Гавриил Кунгуров - Артамошка Лузин
— Слушаю правым ухом.
— Обоими слушай! Двум великим государям пишешь, — оборвал его воевода.
— Обоими слушаю, — поправился писец.
Он начал выводить на толстой бумаге причудливые завитушки букв, но вдруг остановился:
— Отчего же, батюшка-воевода, двум великим государям?
— Не твоего ума дело, Алексашка!
Задумался воевода, отошел от писца, стал в оконце на небеса глядеть. В голове думы, как пчелы, роятся. Тяжкие времена. Иноземцы угрожают, гулящие людишки, озорной народ, своевольничают. Надобна крепкая царская рука. Был царь Федор; всех бунтарей, непокорных людишек хотел изловить, казнить, чтоб другие страшились, да руки у царя Федора оказались коротки умер. Управлять Россией стали два государя — братья Петр да Иван Алексеевичи, оба малолетки. Петру исполнилось десять лет, а Иван был старше, но нездоров, слаб умом. Российским государством правила их сестра Софья…
Воевода руку положил на горячий лоб: отогнал воспоминания — давно это было, лет десять тому назад. Теперь великий государь на Руси один — Петр Алексеевич, но брата его Ивана в грамоте надобно именовать — жив; хотя и безумен, а царский сын…
Воевода сурово свел брови, подошел к столу:
— Ну, начнем с божьей помощью, Алексашка…
Воевода диктовал:
— «Государям царям и великим князьям Иоанну Алексеевичу и Петру Алексеевичу, всея великия и малыя и белыя России самодержцам холоп ваш Ивашка Гагарин челом бьет. В нынешнем, великие государи, в 1693 году построил я, холоп ваш, в Иркутске новый деревянный город со всяким городовым строением и башнями и с воротами, с верхним, и серединным, и подошвенным боями. А того рубленого города посылаю чертежи и счет, во что то городовое строение стало и что там за работа сделана. Старый город пришел в ветхость и негодность.

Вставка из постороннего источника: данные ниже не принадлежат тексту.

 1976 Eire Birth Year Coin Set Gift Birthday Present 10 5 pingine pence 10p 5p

А новые места самые лучшие для пашен, и скотный выпуск, и сенные покосы, и рыбные ловли — все близко. Ныне, великие государи, близ нового города кочуют с большим и малым скотом бурятские князья и стоят их зимние и летние юрты. Те бурятские князья имеют много храбрых воинов и городу угрожают приступом — велите послать в Иркутский городок свинцу да пороху, пушки да пушкарей».
Писец вытащил песочницу и густо посыпал песком по написанному. Письменный голова взял исписанный лист, свернул его в ровную трубку и перевязал шелковой тесемкой. На кончик тесемки налепил толсто сургуч и оттиснул на сургуче печать.

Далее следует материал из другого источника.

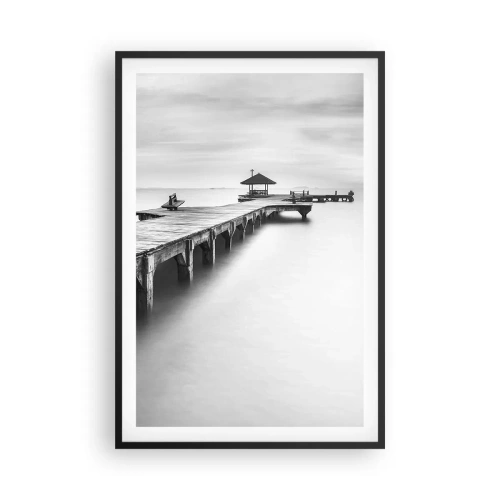 Poster în ramă neagră - În depărtare - 61x91 cm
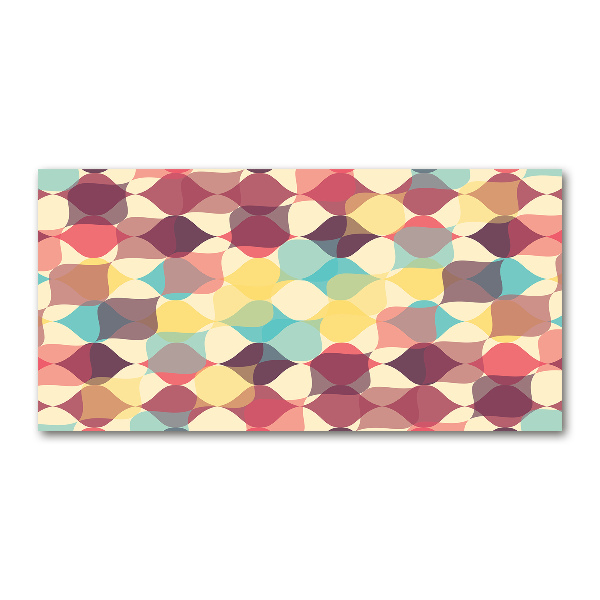 Cuadro acrílico horizontal Fondo geométrico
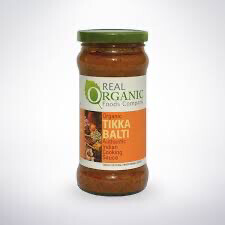 Real Organic Tikka Balti Indian Cooking Sauce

Гонец повез грамоту в далекую Москву.
Тайны человеческие
На окраине городка, в конце Работных рядов, стояла серенькая избенка Филимона Лузина, плотника и кузнеца, храброго мужика, мастера кулачного боя. Притулилась изба сбоку крутого яра, будто ласточкино гнездо под карнизом.
— Упадет, Филимон, изба-то! Упадет! — шутили соседи.
— Небось, не упадет! — отвечал Филимон.
На прошлой неделе был кулачный бой на площади. Бились казаки городские и казаки воеводского двора с пашенными мужиками да работными людьми. Сходились стенка на стенку, бились от восхода солнца до его заката. В том бою воеводский казак Никита Злобин выбил Филимону три зуба. Стал говорить Филимон с присвистом, будто ветер-сквозняк у него меж зубов гуляет. И прозвали с тех пор Филимона воеводские казаки свистуном. Затаил Филимон злобу. Вспомнились тяжкие старые обиды на воеводу. Дал себе Филимон зарок сжечь воеводский двор вместе с воеводой и его людишками.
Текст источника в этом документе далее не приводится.